A History and a Preview: Pete Yorn at the Wiltern Theatre, April 6, 2011

During the 90s, the suits at Columbia Records had a problem on their hands.  They were making money hand over fist, but most of it was due to pawning disposable pop off on a populace that was flush from dot com stock options and high with giddiness of the Clinton administration.  The Satanic Verses set to big, fat beats probably would have been a chart topper in those days, given the perceived invulnerability of the country as it took a runaway freight train to a balanced federal budget and blushing economic success.

But at Columbia, a self-considered, long-standing paragon of artistic integrity — with a hundred-year tradition of presenting such iconic artists as Johnny Cash, Bruce Springsteen, Miles Davis, Billie Holiday, Billy Joel, Carlos Santana, Frank Sinatra and Neil Diamond — selling wet-paper-plate snake oil a la Jakob Dylan simply wouldn’t do.

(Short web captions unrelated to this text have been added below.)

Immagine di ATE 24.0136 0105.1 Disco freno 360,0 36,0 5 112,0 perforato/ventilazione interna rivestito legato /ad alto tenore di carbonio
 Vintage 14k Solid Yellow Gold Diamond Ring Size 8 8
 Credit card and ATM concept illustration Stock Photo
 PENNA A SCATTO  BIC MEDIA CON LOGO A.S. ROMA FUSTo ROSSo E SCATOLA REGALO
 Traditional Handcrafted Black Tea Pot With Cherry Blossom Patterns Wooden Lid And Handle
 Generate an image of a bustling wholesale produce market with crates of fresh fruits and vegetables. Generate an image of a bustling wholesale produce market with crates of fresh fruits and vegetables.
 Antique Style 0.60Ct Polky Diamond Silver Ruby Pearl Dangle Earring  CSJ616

According to David Browne’s biography Dream Brother: The Lives & Music Of Jeff & Tim Buckley, Columbia in the 90s sought “esteemed career artists – or ‘heritage acts’ as they were known in-house – on which Columbia prided itself.  As Platinum-sated as Columbia was, it was vital to [label head Donny] Ienner and his colleagues to prove (for image, if anything else) they could still foster another Dylan or Bruce.”

It must have been a particularly painful time then, for Ienner, who conducted Columbia roadshows around the country, introducing the likes of Crazy Town and Destiny’s Child (then a lip-synching four-piece set to child-like choreography) to radio programmers and record retailers as the future of Columbia Records (of course these acts went on to sell shitloads of albums, but there was certainly nothing appropriately vainglorious to be gained by doing blow off a Crazy Town gold record plaque, as opposed to one with bankable cachet from someone such as, say, Billy “The” Joel).

No, the only thing record execs enjoy more than bragging about the size of their bonuses is bragging about how they rescued some aimless ne’er-do-well out of obscurity and launched their career for them, owning them all the way.  What Columbia needed was another respectable career artist, someone they could hang their hat on in a manner which said “My label is better than your label, because whereas you merely sell records, we create art.  Art which sells zillions of records but somehow still qualifies as art.”

It’s just that the problem with these would-be “heritage artists” was that they were too damn…artistic.

jeff-buckley-angel wings

Oh Jeff...stop being so damn... artistic.

When Columbia’s Jeff Buckley proved early on to be allergic to his own star power, he tried to abandon his name and devolve into a mere member of a band project he envisioned for his sophomore release called Two Ninas, the music of which was equally on par with the ridiculous scheme.  Having been talked out of that boondoggle, he recorded yet another album of unusable material at Columia’s expense.

Similarly, Columbia singer-songwriter Chris Whitley, a Texas-born, one-time factory worker (Prerequisitely blue-collar! Discovered by Daniel Lanois!) who garnered beaucoup critical acclaim for his 1991 release, Living With The Law (which yielded two radio hits), turned in a cacophonous mess named Din Of Ecstasy for record number two, which forewent all the polish of his debut in favor of sounding like it was recorded with sandpaper after he had locked himself in a closet for three months with a copy of Axis: Bold As Love and a bag of peyote.  Even the cover art looked like something that Daniel Johnston had cast off for being too low-brow.  Released four years after his Columbia coming out, the record saw daylight on Sony’s WORK label imprint, rather than Columbia proper.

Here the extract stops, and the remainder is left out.